时间:2021-02-24 22:12:55

I have a thread that, when its function exits its loop (the exit is triggered by an event), it does some cleanup and then sets a different event to let a master thread know that it is done.


However, under some circumstances, SetEvent() seems not to return after it sets the thread's 'I'm done' event.


This thread is part of a DLL and the problem seems to occur after the DLL has been loaded/attached, the thread started, the thread ended and the DLL detached/unloaded a number of times without the application shutting down in between. The number of times this sequence has to be repeated before this problem happens is variable.
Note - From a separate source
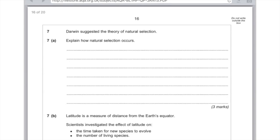Darwin suggested the theory of natural selection — explain how natural selection occurs. Here's this question again. First mark: there's variation between organisms within a species. Second mark: those which are most suited are more likely to survive and breed. Third mark: those genes are passed on to their offspring.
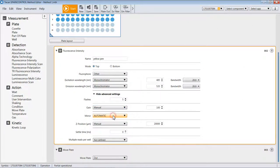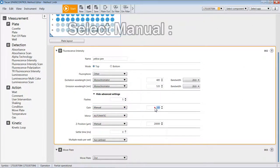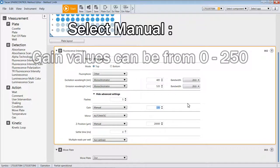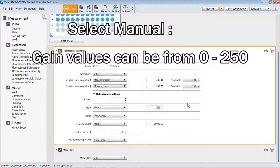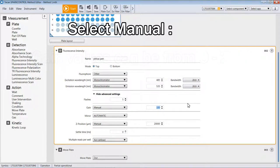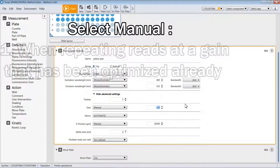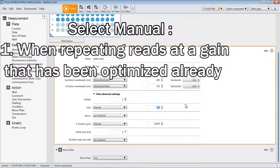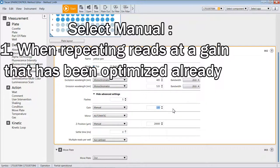Lastly, there is a way of simply fixing the gain manually between a value of 0 to 250, where as you go from a small gain value to a large one, you will increase the amplification of the signal. You will find many cases where you've read the same assay many times, and by choosing optimal gain or calculate from well, you will see a very similar gain appearing for that assay, and therefore you can just simply type in what that gain would be so you're not always having to re-optimize each time.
In case you are skeptical that I know what I'm talking about, I have determined what's happening by bracketing the SetEvent() call with calls to OutputDebugString(). The output before SetEvent() appears. Then, the waiting thread produces output that indicates that the Event has been set.


However, the second call to OutputDebugString() in the exiting thread (the one AFTER SetEvent() ) never occurs, or at least its string never shows up. If this happens, the application crashes a few moments later.

但是,在退出线程(一个AFTER SetEvent())中对OutputDebugString()的第二次调用永远不会发生,或者至少它的字符串永远不会出现。如果发生这种情况,应用程序会在几分钟后崩溃。

(Note that the calls to OutputDebugString() were added after the problem started occurring, so it's unlikely to be hanging there, rather than in SetEvent().)


I'm not entirely sure what causes the crash, but it occurs in the same thread in which SetEvent() didn't return immediately (I've been tracking/outputting the thread IDs). I suppose it's possible that SetEvent() is finally returning, by which point the context to which it is returning is gone/invalid, but what could cause such a delay?


It turns out that I've been blinded by looking at this code for so long, and it didn't even occur to me to check the return code. I'm done looking at it for today, so I'll know what it's returning (if it's returning) on Monday and I'll edit this question with that info then.


Update: I changed the (master) code to wait for the thread to exit rather than for it to set the event, and removed the SetEvent() call from the slave thread. This changed the nature of the bug: now, instead of failing to return from SetEvent(), it doesn't exit the thread at all and the whole thing hangs.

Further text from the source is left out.